Review: Last Christmas
by Chris Feil
A sure signal of the coming holiday season at the movies is the arrival of unpretentious lighter fare like Last Christmas. This year’s offering falls in line with the easy charms of such previous entries as The Holiday and Almost Christmas, but also arrives with a somewhat affably strange lump of ingredients. Inspired by the Wham! song and packed with a slew of George Michael songs, the Paul Feig-directed film is co-written by Emma Thompson (with Bryony Kimmings and Greg Wise) and offers up timely context within a classic romcom structure. It’s a sugar high of a movie that remains grounded in some substance, not exactly tidy but satisfyingly more than meets the eye.

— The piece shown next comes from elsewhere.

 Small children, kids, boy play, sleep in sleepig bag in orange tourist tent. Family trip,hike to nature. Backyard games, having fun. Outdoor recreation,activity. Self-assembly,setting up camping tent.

Emilia Clarke plays the disillusioned would-be singer and Yugoslavian immigrant Kate, couch-hopping between friends that she quickly burns out with carelessness and working in a Christmas-themed giftshop. She avoids her family, particularly her domineering mother (also played by Thompson), and is increasingly testing the patience of her demanding but doting boss (Michelle Yeoh). Kate’s self-destructiveness comes after a serious illness has left her not with renewed gratitude, but with a diminished sense of self she has internalized into constant misbehavior. But her main challenger in the struggle comes when a charming man on a bike named Tom (Henry Golding) wanders in and out of her life.